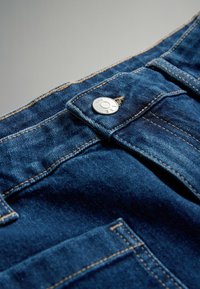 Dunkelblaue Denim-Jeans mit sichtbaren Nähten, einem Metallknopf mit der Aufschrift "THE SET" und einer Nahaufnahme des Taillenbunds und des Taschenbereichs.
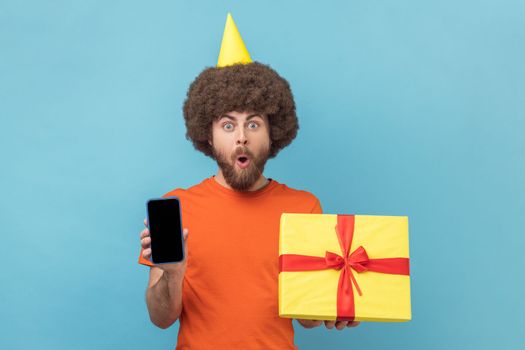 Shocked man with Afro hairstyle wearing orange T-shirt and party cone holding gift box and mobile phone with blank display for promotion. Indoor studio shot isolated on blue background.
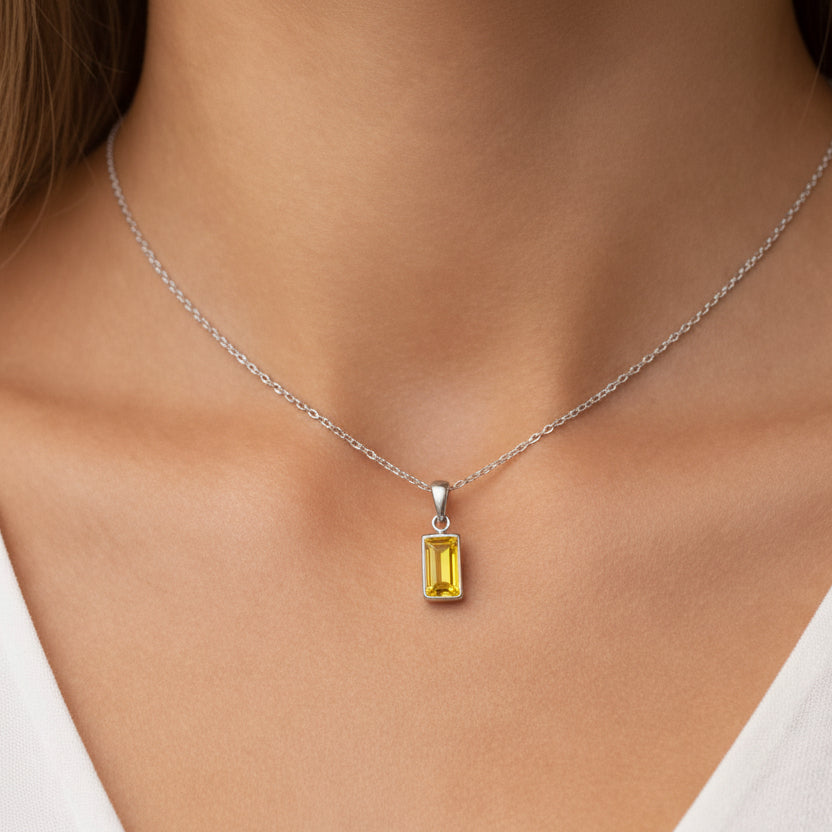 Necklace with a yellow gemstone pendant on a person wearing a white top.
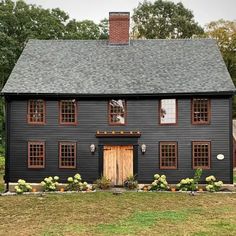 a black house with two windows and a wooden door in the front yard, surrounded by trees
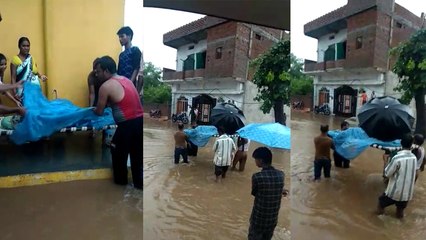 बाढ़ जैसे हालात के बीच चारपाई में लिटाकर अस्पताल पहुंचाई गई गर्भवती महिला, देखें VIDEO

Required work: Please copy exactly the lines from the one containing "Shocked man with" through the last line of the records, both ends included, and leave out any pictures.

Output of the task:
 Shocked man with Afro hairstyle wearing orange T-shirt and party cone holding gift box and mobile phone with blank display for promotion. Indoor studio shot isolated on blue background.
 Necklace with a yellow gemstone pendant on a person wearing a white top.
 a black house with two windows and a wooden door in the front yard, surrounded by trees
 बाढ़ जैसे हालात के बीच चारपाई में लिटाकर अस्पताल पहुंचाई गई गर्भवती महिला, देखें VIDEO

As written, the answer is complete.